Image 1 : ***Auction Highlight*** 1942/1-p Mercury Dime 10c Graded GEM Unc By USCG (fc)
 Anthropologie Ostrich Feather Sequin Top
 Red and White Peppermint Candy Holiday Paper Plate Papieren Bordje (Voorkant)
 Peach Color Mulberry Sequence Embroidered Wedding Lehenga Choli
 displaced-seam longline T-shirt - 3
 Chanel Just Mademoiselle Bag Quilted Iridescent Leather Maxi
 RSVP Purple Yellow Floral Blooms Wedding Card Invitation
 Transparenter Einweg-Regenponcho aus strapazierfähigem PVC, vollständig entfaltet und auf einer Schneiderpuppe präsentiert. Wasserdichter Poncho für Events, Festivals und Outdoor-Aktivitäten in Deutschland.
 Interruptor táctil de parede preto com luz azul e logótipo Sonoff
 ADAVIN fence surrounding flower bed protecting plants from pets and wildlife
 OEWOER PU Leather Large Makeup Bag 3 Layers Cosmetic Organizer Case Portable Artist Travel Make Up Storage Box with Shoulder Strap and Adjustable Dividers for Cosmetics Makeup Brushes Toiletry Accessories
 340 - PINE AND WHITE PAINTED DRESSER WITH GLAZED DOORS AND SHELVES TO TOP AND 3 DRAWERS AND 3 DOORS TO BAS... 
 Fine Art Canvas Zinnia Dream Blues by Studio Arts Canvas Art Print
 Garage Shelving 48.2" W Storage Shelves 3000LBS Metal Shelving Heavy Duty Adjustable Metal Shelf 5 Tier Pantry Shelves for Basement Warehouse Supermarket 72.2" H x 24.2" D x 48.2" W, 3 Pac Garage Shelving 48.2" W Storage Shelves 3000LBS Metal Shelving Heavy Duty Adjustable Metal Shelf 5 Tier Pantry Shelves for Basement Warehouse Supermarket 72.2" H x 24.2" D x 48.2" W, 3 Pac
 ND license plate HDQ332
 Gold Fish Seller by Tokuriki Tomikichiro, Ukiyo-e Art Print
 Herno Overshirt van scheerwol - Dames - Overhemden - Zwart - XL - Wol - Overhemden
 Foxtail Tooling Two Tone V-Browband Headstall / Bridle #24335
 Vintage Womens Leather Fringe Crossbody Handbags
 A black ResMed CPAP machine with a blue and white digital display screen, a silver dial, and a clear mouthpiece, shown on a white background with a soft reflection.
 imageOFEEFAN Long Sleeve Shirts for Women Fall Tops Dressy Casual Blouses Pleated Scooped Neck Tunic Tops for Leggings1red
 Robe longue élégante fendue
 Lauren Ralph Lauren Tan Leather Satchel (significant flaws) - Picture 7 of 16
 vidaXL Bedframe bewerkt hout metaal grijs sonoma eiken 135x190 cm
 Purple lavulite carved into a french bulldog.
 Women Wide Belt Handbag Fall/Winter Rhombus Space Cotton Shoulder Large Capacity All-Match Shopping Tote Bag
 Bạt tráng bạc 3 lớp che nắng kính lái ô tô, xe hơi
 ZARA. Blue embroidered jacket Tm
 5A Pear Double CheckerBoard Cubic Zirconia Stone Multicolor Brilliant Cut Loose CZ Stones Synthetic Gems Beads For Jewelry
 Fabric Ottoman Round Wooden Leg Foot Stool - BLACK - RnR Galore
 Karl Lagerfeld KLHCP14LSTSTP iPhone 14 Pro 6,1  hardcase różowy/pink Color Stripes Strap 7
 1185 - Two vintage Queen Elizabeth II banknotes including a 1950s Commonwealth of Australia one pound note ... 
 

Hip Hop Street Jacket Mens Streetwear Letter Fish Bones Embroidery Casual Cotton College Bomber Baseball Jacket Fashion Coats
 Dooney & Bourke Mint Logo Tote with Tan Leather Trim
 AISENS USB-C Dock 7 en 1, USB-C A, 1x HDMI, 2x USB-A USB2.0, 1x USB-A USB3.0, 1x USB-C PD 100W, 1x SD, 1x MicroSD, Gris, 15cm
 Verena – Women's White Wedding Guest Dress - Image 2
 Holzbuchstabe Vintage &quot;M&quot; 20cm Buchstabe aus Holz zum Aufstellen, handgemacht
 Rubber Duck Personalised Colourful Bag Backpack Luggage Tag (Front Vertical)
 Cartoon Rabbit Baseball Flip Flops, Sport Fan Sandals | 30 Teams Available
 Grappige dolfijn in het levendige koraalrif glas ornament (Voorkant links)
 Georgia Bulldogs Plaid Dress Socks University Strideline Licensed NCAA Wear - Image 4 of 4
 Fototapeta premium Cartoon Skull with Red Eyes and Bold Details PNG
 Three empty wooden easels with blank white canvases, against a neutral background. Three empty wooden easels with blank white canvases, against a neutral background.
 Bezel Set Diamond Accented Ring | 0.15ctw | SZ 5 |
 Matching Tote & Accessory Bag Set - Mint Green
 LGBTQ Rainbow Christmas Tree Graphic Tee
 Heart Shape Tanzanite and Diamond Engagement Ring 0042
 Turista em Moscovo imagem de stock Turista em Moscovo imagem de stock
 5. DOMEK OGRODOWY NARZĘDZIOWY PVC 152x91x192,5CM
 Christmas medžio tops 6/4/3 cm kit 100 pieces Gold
+++++
Exact repetition of every entry in the data is required.

Image 1 : ***Auction Highlight*** 1942/1-p Mercury Dime 10c Graded GEM Unc By USCG (fc)
 Anthropologie Ostrich Feather Sequin Top
 Red and White Peppermint Candy Holiday Paper Plate Papieren Bordje (Voorkant)
 Peach Color Mulberry Sequence Embroidered Wedding Lehenga Choli
 displaced-seam longline T-shirt - 3
 Chanel Just Mademoiselle Bag Quilted Iridescent Leather Maxi
 RSVP Purple Yellow Floral Blooms Wedding Card Invitation
 Transparenter Einweg-Regenponcho aus strapazierfähigem PVC, vollständig entfaltet und auf einer Schneiderpuppe präsentiert. Wasserdichter Poncho für Events, Festivals und Outdoor-Aktivitäten in Deutschland.
 Interruptor táctil de parede preto com luz azul e logótipo Sonoff
 ADAVIN fence surrounding flower bed protecting plants from pets and wildlife
 OEWOER PU Leather Large Makeup Bag 3 Layers Cosmetic Organizer Case Portable Artist Travel Make Up Storage Box with Shoulder Strap and Adjustable Dividers for Cosmetics Makeup Brushes Toiletry Accessories
 340 - PINE AND WHITE PAINTED DRESSER WITH GLAZED DOORS AND SHELVES TO TOP AND 3 DRAWERS AND 3 DOORS TO BAS... 
 Fine Art Canvas Zinnia Dream Blues by Studio Arts Canvas Art Print
 Garage Shelving 48.2" W Storage Shelves 3000LBS Metal Shelving Heavy Duty Adjustable Metal Shelf 5 Tier Pantry Shelves for Basement Warehouse Supermarket 72.2" H x 24.2" D x 48.2" W, 3 Pac Garage Shelving 48.2" W Storage Shelves 3000LBS Metal Shelving Heavy Duty Adjustable Metal Shelf 5 Tier Pantry Shelves for Basement Warehouse Supermarket 72.2" H x 24.2" D x 48.2" W, 3 Pac
 ND license plate HDQ332
 Gold Fish Seller by Tokuriki Tomikichiro, Ukiyo-e Art Print
 Herno Overshirt van scheerwol - Dames - Overhemden - Zwart - XL - Wol - Overhemden
 Foxtail Tooling Two Tone V-Browband Headstall / Bridle #24335
 Vintage Womens Leather Fringe Crossbody Handbags
 A black ResMed CPAP machine with a blue and white digital display screen, a silver dial, and a clear mouthpiece, shown on a white background with a soft reflection.
 imageOFEEFAN Long Sleeve Shirts for Women Fall Tops Dressy Casual Blouses Pleated Scooped Neck Tunic Tops for Leggings1red
 Robe longue élégante fendue
 Lauren Ralph Lauren Tan Leather Satchel (significant flaws) - Picture 7 of 16
 vidaXL Bedframe bewerkt hout metaal grijs sonoma eiken 135x190 cm
 Purple lavulite carved into a french bulldog.
 Women Wide Belt Handbag Fall/Winter Rhombus Space Cotton Shoulder Large Capacity All-Match Shopping Tote Bag
 Bạt tráng bạc 3 lớp che nắng kính lái ô tô, xe hơi
 ZARA. Blue embroidered jacket Tm
 5A Pear Double CheckerBoard Cubic Zirconia Stone Multicolor Brilliant Cut Loose CZ Stones Synthetic Gems Beads For Jewelry
 Fabric Ottoman Round Wooden Leg Foot Stool - BLACK - RnR Galore
 Karl Lagerfeld KLHCP14LSTSTP iPhone 14 Pro 6,1  hardcase różowy/pink Color Stripes Strap 7
 1185 - Two vintage Queen Elizabeth II banknotes including a 1950s Commonwealth of Australia one pound note ... 
 

Hip Hop Street Jacket Mens Streetwear Letter Fish Bones Embroidery Casual Cotton College Bomber Baseball Jacket Fashion Coats
 Dooney & Bourke Mint Logo Tote with Tan Leather Trim
 AISENS USB-C Dock 7 en 1, USB-C A, 1x HDMI, 2x USB-A USB2.0, 1x USB-A USB3.0, 1x USB-C PD 100W, 1x SD, 1x MicroSD, Gris, 15cm
 Verena – Women's White Wedding Guest Dress - Image 2
 Holzbuchstabe Vintage &quot;M&quot; 20cm Buchstabe aus Holz zum Aufstellen, handgemacht
 Rubber Duck Personalised Colourful Bag Backpack Luggage Tag (Front Vertical)
 Cartoon Rabbit Baseball Flip Flops, Sport Fan Sandals | 30 Teams Available
 Grappige dolfijn in het levendige koraalrif glas ornament (Voorkant links)
 Georgia Bulldogs Plaid Dress Socks University Strideline Licensed NCAA Wear - Image 4 of 4
 Fototapeta premium Cartoon Skull with Red Eyes and Bold Details PNG
 Three empty wooden easels with blank white canvases, against a neutral background. Three empty wooden easels with blank white canvases, against a neutral background.
 Bezel Set Diamond Accented Ring | 0.15ctw | SZ 5 |
 Matching Tote & Accessory Bag Set - Mint Green
 LGBTQ Rainbow Christmas Tree Graphic Tee
 Heart Shape Tanzanite and Diamond Engagement Ring 0042
 Turista em Moscovo imagem de stock Turista em Moscovo imagem de stock
 5. DOMEK OGRODOWY NARZĘDZIOWY PVC 152x91x192,5CM
 Christmas medžio tops 6/4/3 cm kit 100 pieces Gold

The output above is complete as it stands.